Mato Grosso do Sul ultrapassou a marca de 13 mil casos prováveis de dengue em 2025, segundo boletim epidemiológico da Secretaria de Estado de Saúde (SES-MS). Até o fim de maio, foram 13.862 notificações, sendo 5.430 casos confirmados.
As últimas quatro semanas (de 5 a 31 de maio) concentraram o maior número de casos prováveis do ano: 4.527 no total. Para comparação, no mesmo período de 2024 foram cerca de 3 mil notificações.
Apesar da queda em relação aos dois anos anteriores — mais de 41 mil casos em 2023 e 16 mil em 2024 — a taxa de letalidade aumentou e preocupa. Em 2025, já são 12 mortes confirmadas, elevando a letalidade para 0,22%, a maior desde 2020.

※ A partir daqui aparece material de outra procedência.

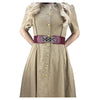 A beige vintage leather dress with a dark purple belt and brass buckle.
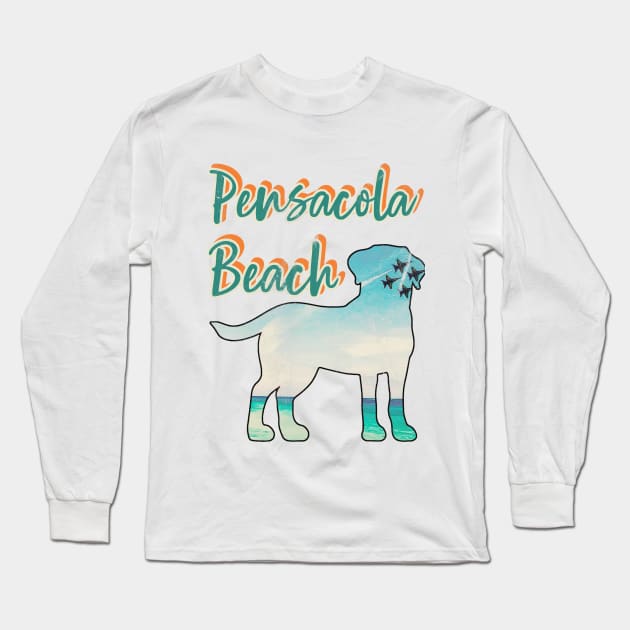 Pensacola Beach Teal Vintage-Look Long Sleeve T-Shirt by Witty Things Designs
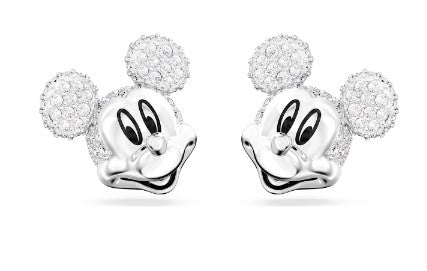 Swarovski Disney 100 - Mickey Mouse stud earrings, White, Rhodium plated - 5668781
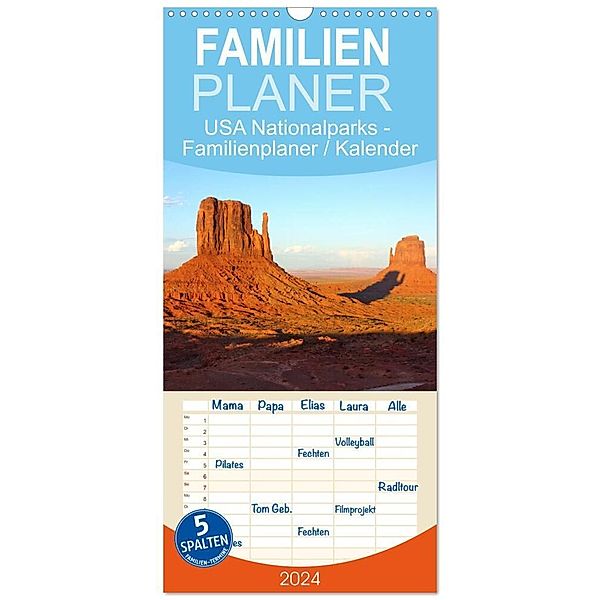 Familienplaner 2024 - USA Nationalparks - Familienplaner / Kalender - Eine Reise durch die Vielfalt und Schönheit der Naturparks Nordamerikas mit 5 Spalten (Wandkalender, 21 x 45 cm) CALVENDO, Piera Marlena Büchler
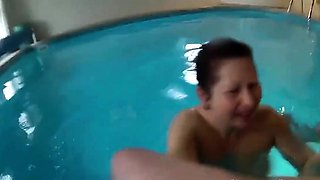 Big-Titted Webcam Slut Films Herself in the Pool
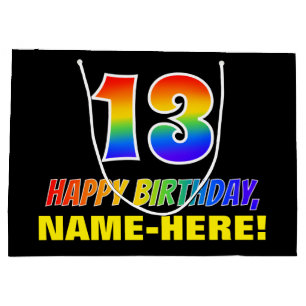 13e verjaardag: Vet, vun, eenvoudig, regenboog 13 Groot Cadeauzakje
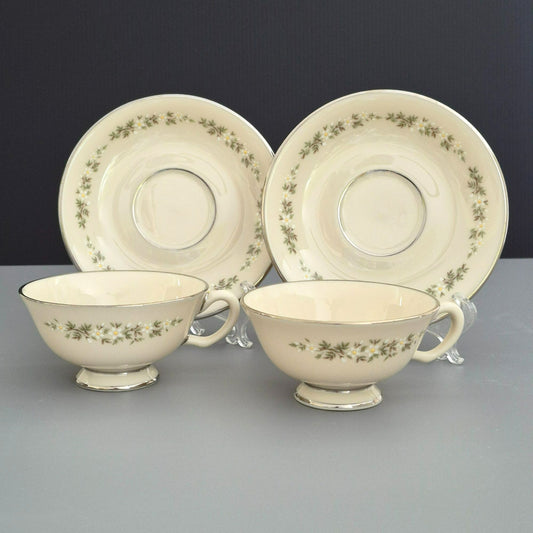 Lenox "Brookdale" Footed Cup & Saucer, 2 Sets, c.1963-93 USA
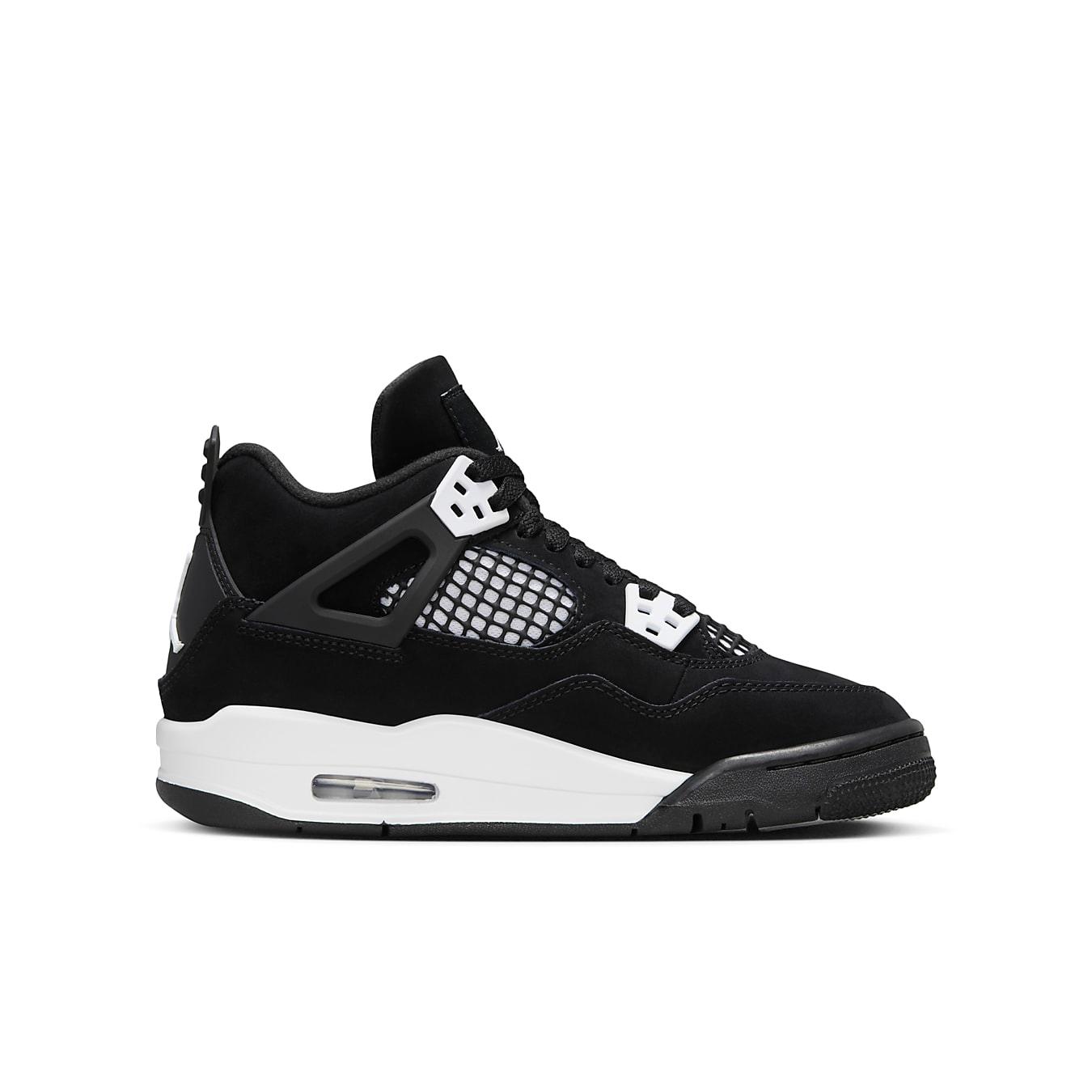 Jordan 4 Retro White Thunder GS sneaker featuring black nubuck upper and white accents.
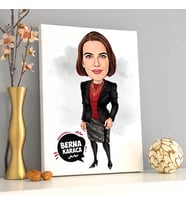 Harika Kadın Karikatürlü Kanvas Tablo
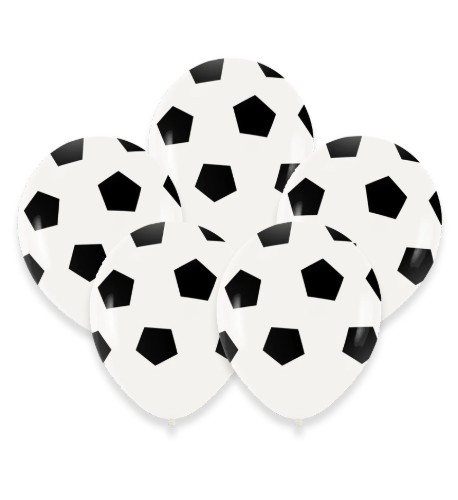 Levně Balonky s potiskem Fotbalový míč 30 cm/12", 5 ks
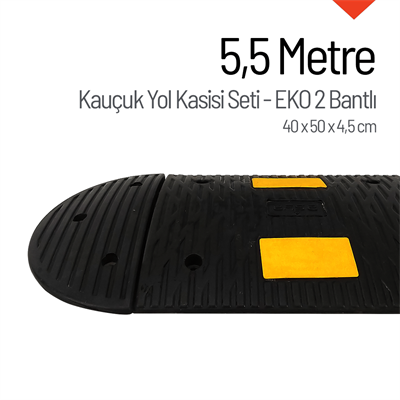 5,5  Metre Kauçuk Hız Kesici Set | 2 Bantlı Yol Kasisi Uygulaması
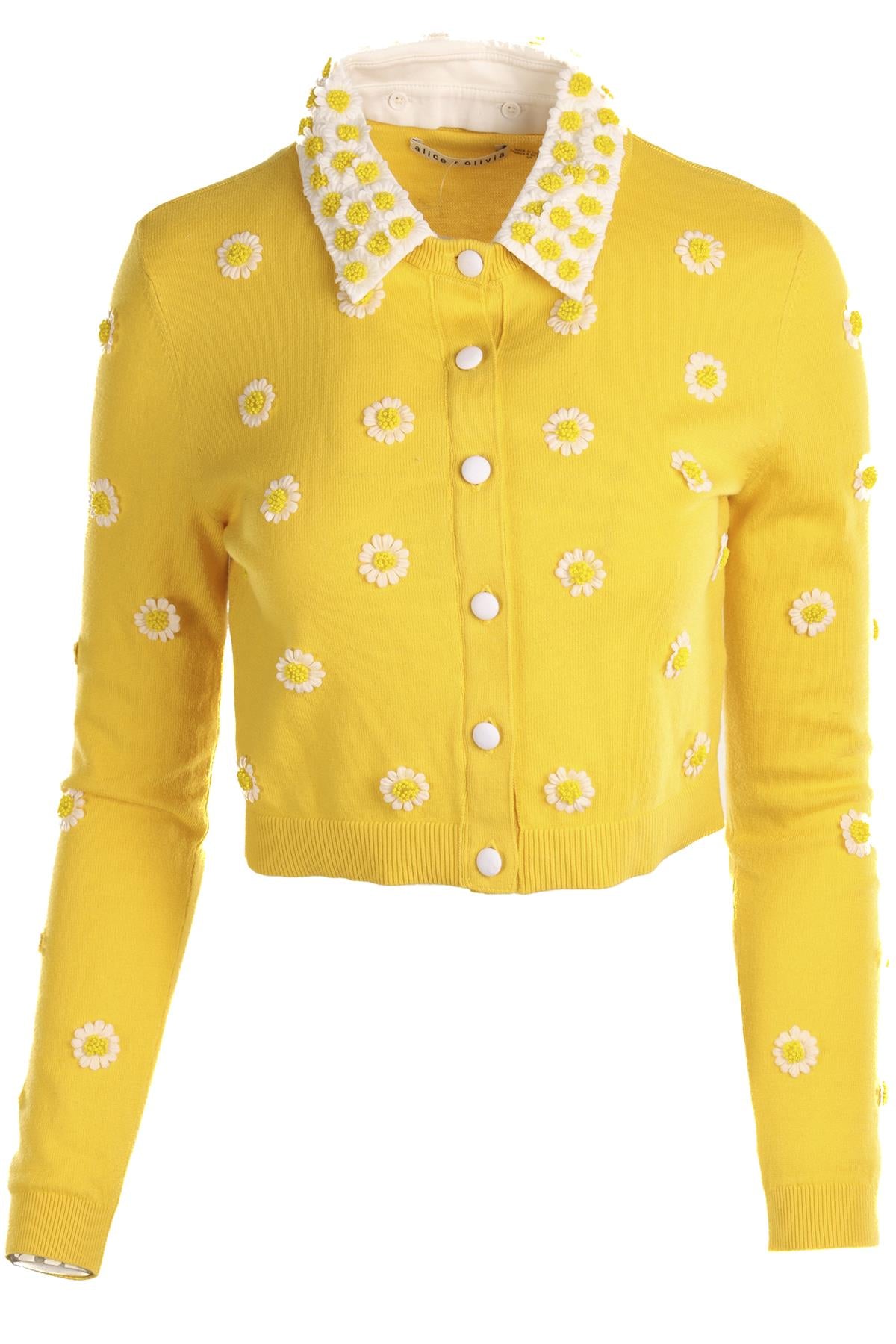 ALICE + OLIVIA YELLOW COTTON CARDIGAN SMALL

As vítimas tinham entre 8 e 88 anos, com predominância de idosos e mulheres. Ao menos quatro pacientes apresentavam comorbidades, como hipertensão e diabetes. As mortes ocorreram em cidades como Três Lagoas, Dourados, Nova Andradina, Aquidauana e Ponta Porã.
Metade do Estado em nível alto de incidência
A incidência média da dengue no Estado é de 502,8 casos por 100 mil habitantes. No entanto, a realidade varia bastante entre os municípios.
Jateí lidera com 9.676,5 casos por 100 mil habitantes, seguido por Figueirão e Água Clara, ambos com índices acima de 4 mil. Ao todo, 50 dos 79 municípios do Estado apresentam alta incidência — ou seja, mais de 300 casos por 100 mil habitantes.
Na outra ponta, Campo Grande soma 496 casos prováveis, o que representa uma incidência de 55,2, considerada baixa. Estão na mesma faixa Dourados, Porto Murtinho, Rio Brilhante, Rio Verde de Mato Grosso, Coxim, Nova Alvorada do Sul e Guia Lopes da Laguna.
Casos em investigação ainda são muitos
Embora a redução nas confirmações seja um sinal positivo, o número de casos em investigação ainda é alto. Isso mostra que o risco da dengue permanece em todas as regiões do Estado.
É importante lembrar que o total de “casos prováveis” considera não só os confirmados, mas também os em investigação e os ignorados — ou seja, pacientes com sintomas compatíveis que ainda aguardam diagnóstico.